━━━ Provided data ━━━

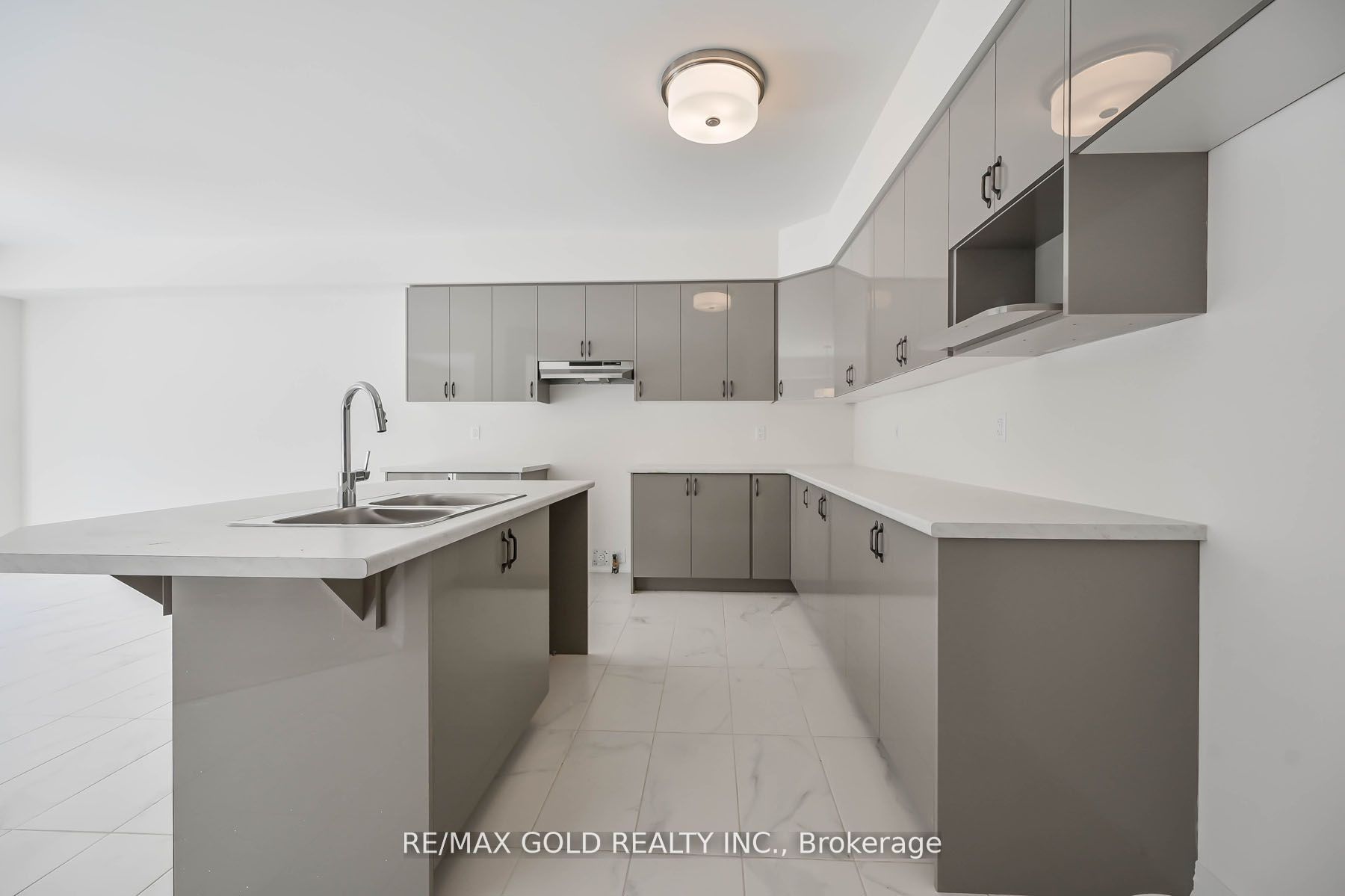 50 Wakeling Drive Property Photo 13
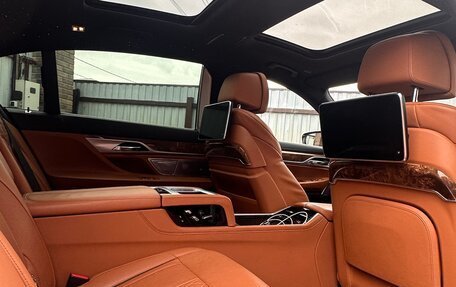 BMW 7 серия, 2016 год, 4 900 000 рублей, 12 фотография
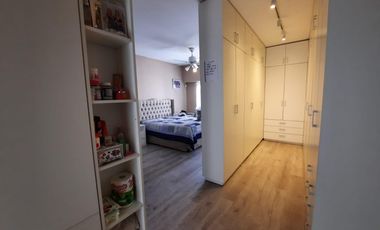 VENTA DE CASA CON PILETA EN BECCAR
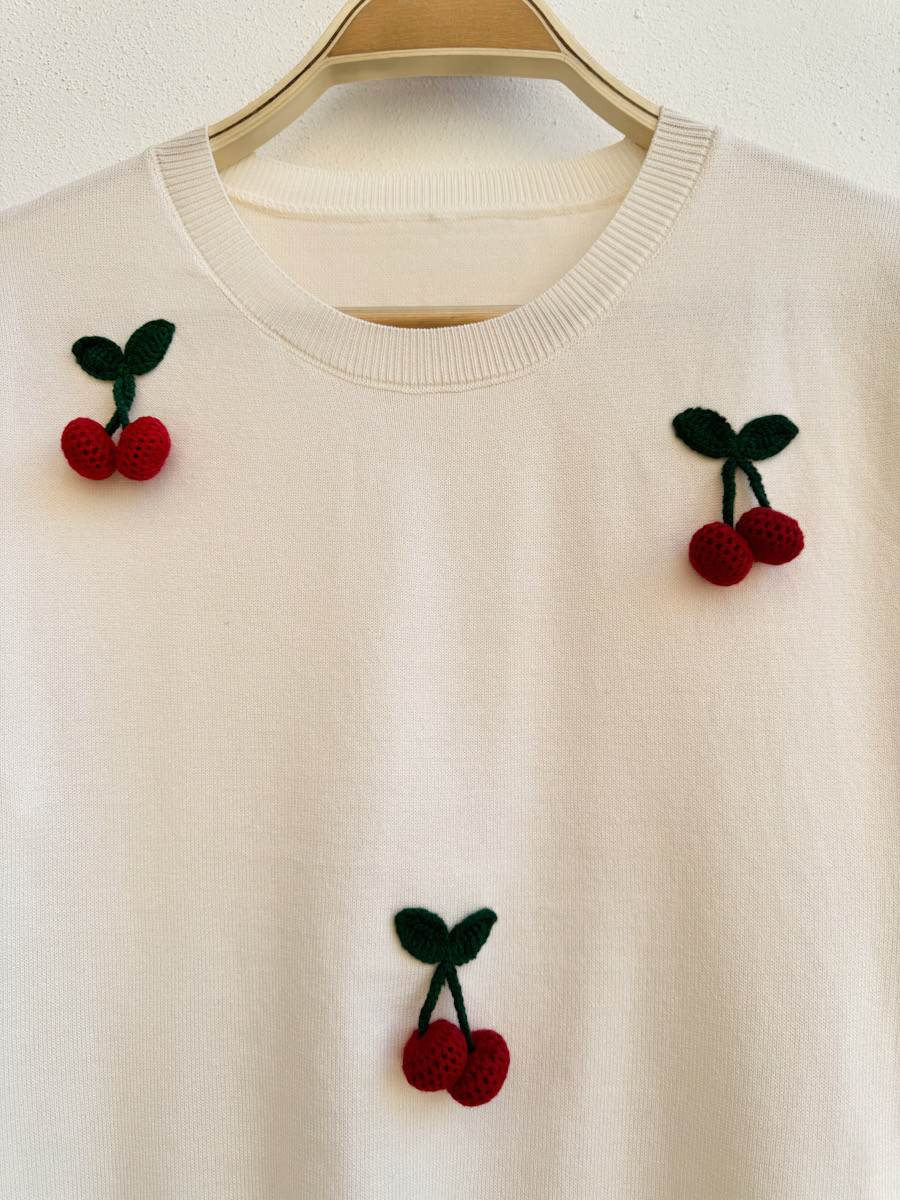 Suéter con Bordado de Cerezas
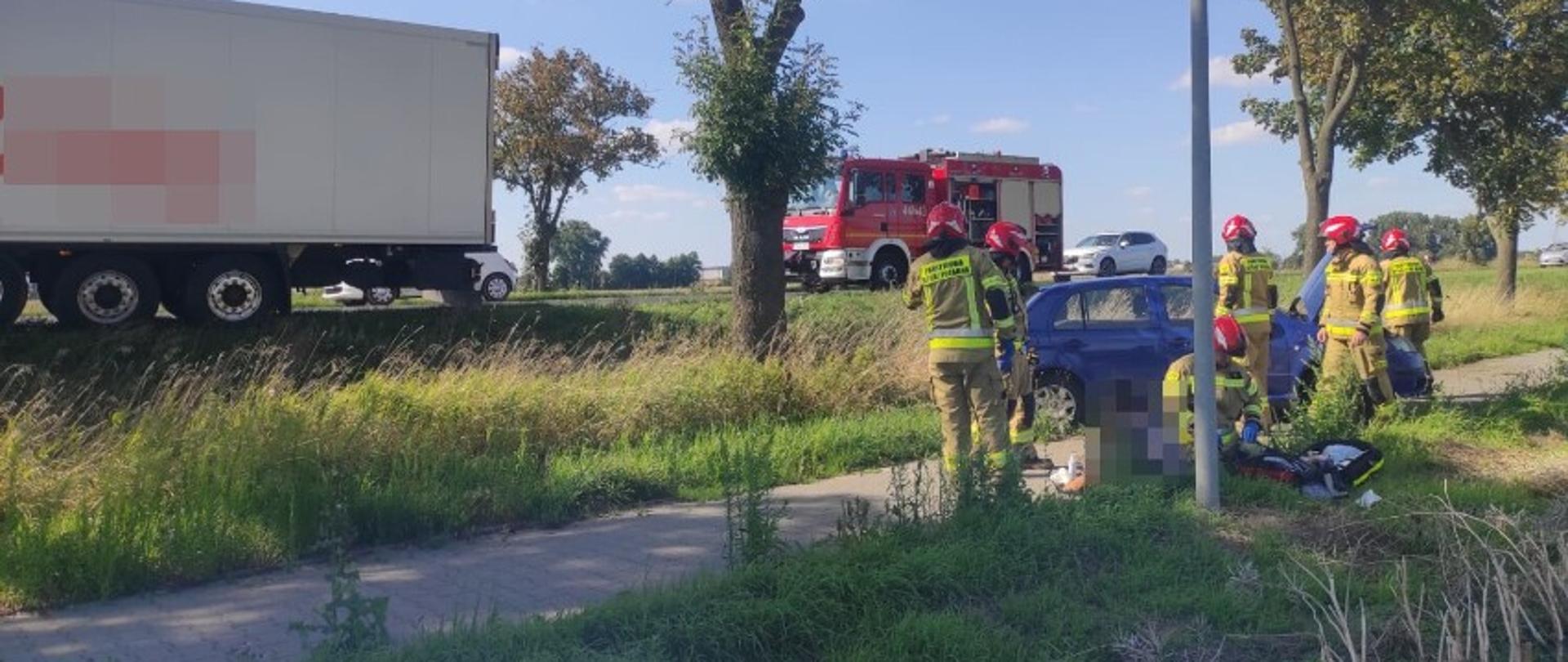 Zderzenie ciężarówki i samochodu osobowego na trasie Grodzisk - Ruchocice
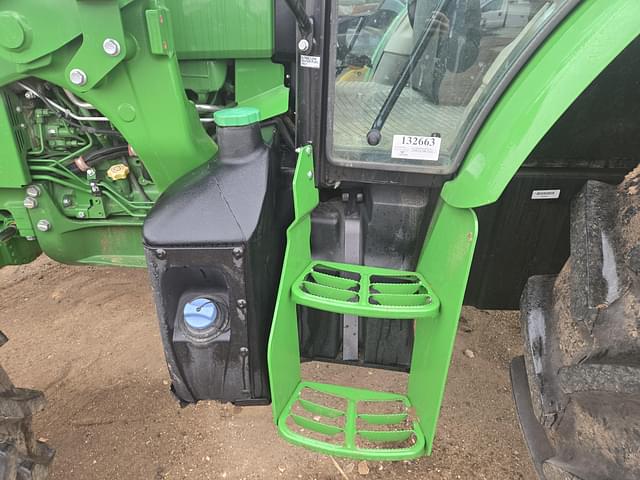 Image of John Deere 5090M equipment image 2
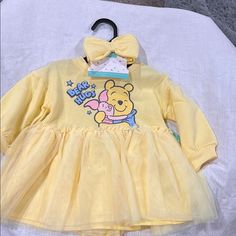 Color: Yellow Material: 60% Cotton/40% Polyester Condition: Excellent Winnie The Pooh Dress, Pooh Dress, Disney Yellow, Infant Girl, Disney Dresses, Disney Winnie The Pooh, Disney Girls, Kids' Dresses, Winnie The Pooh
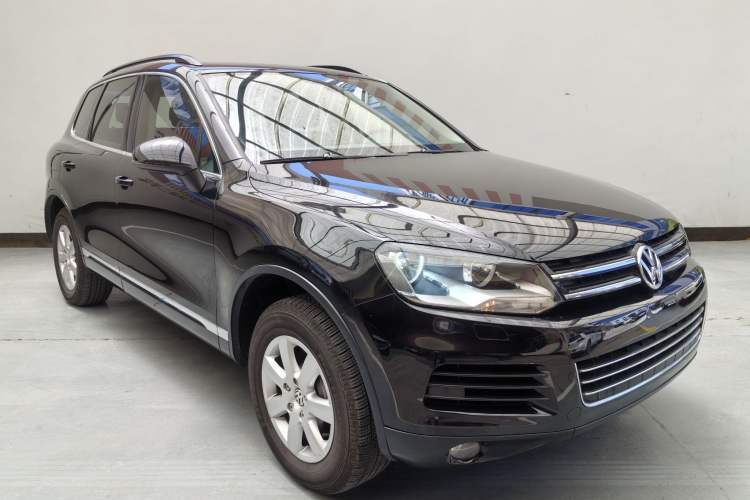 Used Volkswagen Touareg 2011 3.0 TSI Standard Version Exterior 1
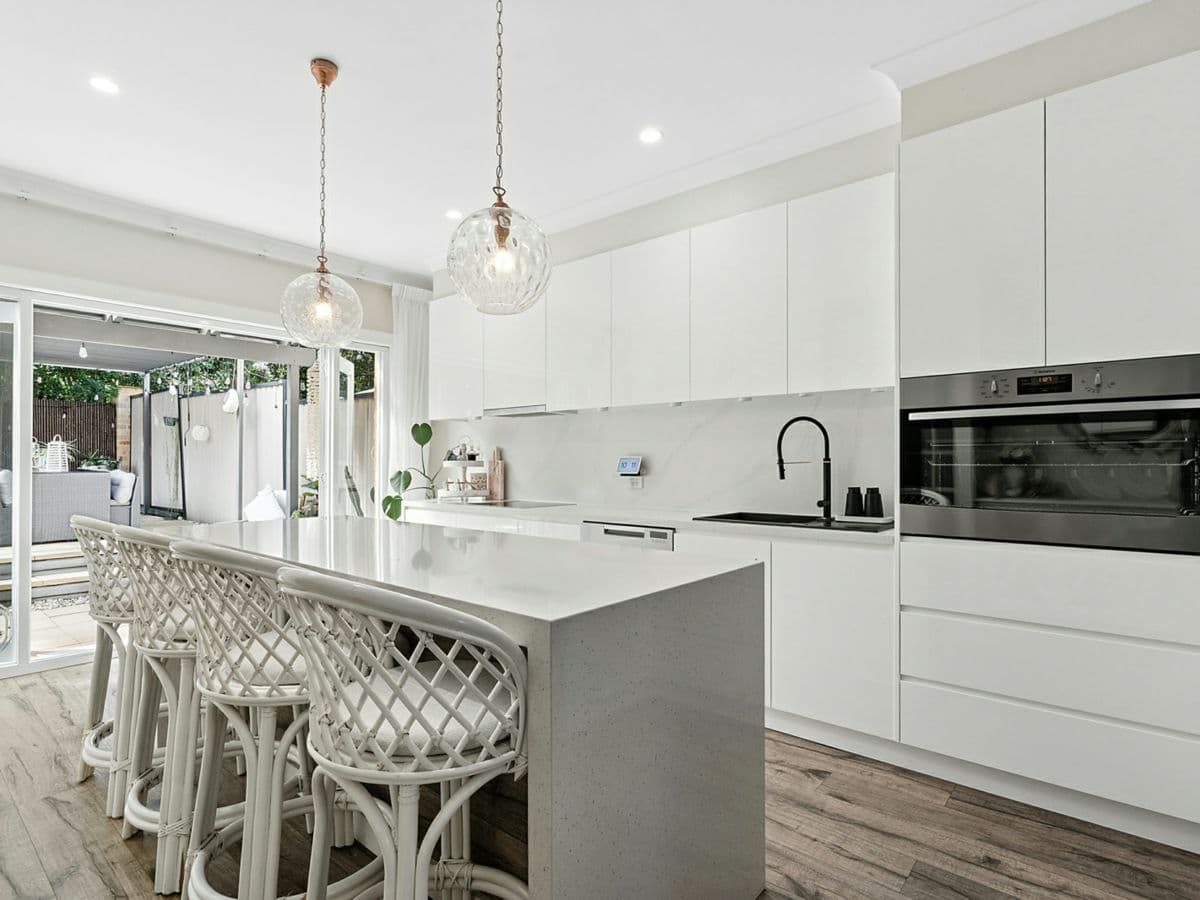 2/127-129 Cooriengah Heights Road, ENGADINE, Engadine - Thumbnail 2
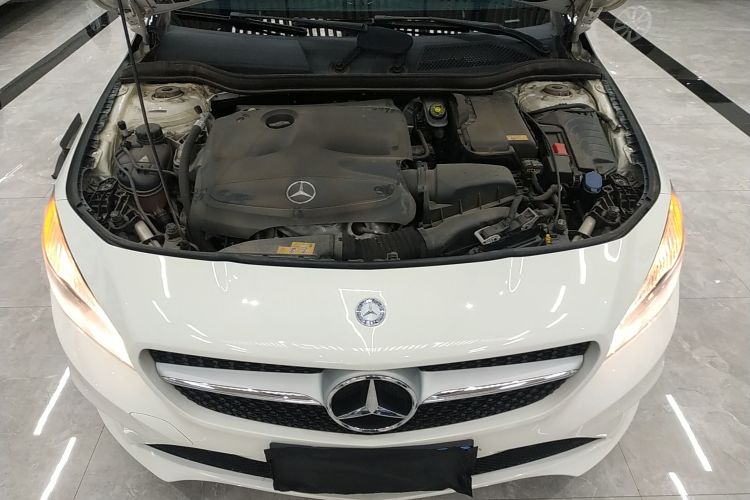 奔驰CLA 2016款 CLA 200 动感型机舱底盘24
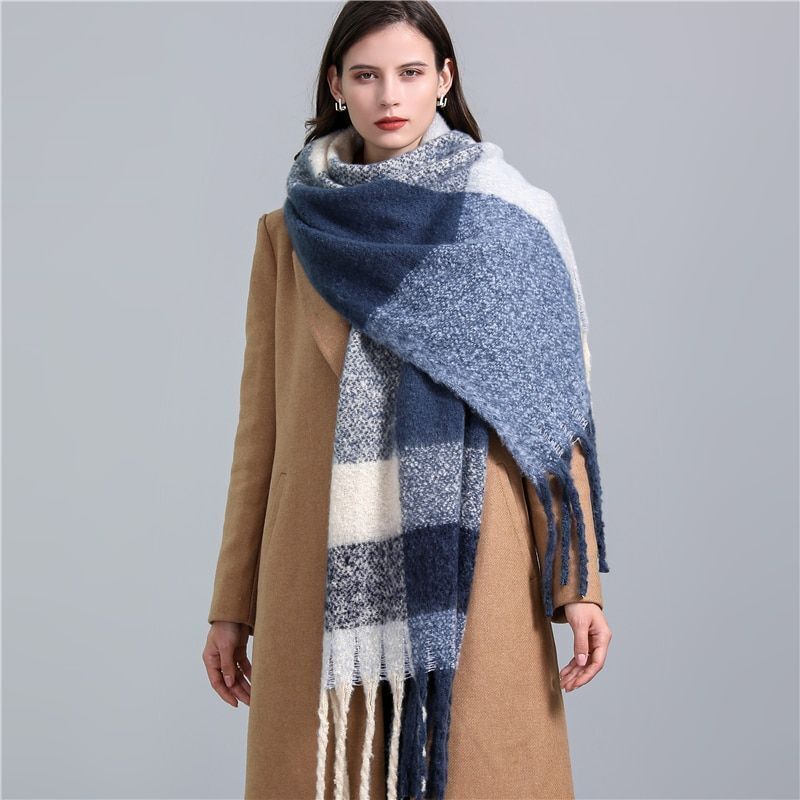 Elegante geruite sjaal van kasjmier met kwastjes, comfortabel en modieus.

━━━

> **Exercise**:
No pictures belong in the copy; output every record exactly.

> **Output for this exercise**:
 50 Wakeling Drive Property Photo 13
 BMW 7 серия, 2016 год, 4 900 000 рублей, 12 фотография
 VENTA DE CASA CON PILETA EN BECCAR
 Suéter con Bordado de Cerezas
 Zderzenie ciężarówki i samochodu osobowego na trasie Grodzisk - Ruchocice
 Image of John Deere 5090M equipment image 2
 Color: Yellow Material: 60% Cotton/40% Polyester Condition: Excellent Winnie The Pooh Dress, Pooh Dress, Disney Yellow, Infant Girl, Disney Dresses, Disney Winnie The Pooh, Disney Girls, Kids' Dresses, Winnie The Pooh
 Used Volkswagen Touareg 2011 3.0 TSI Standard Version Exterior 1
 2/127-129 Cooriengah Heights Road, ENGADINE, Engadine - Thumbnail 2
 奔驰CLA 2016款 CLA 200 动感型机舱底盘24
 Elegante geruite sjaal van kasjmier met kwastjes, comfortabel en modieus.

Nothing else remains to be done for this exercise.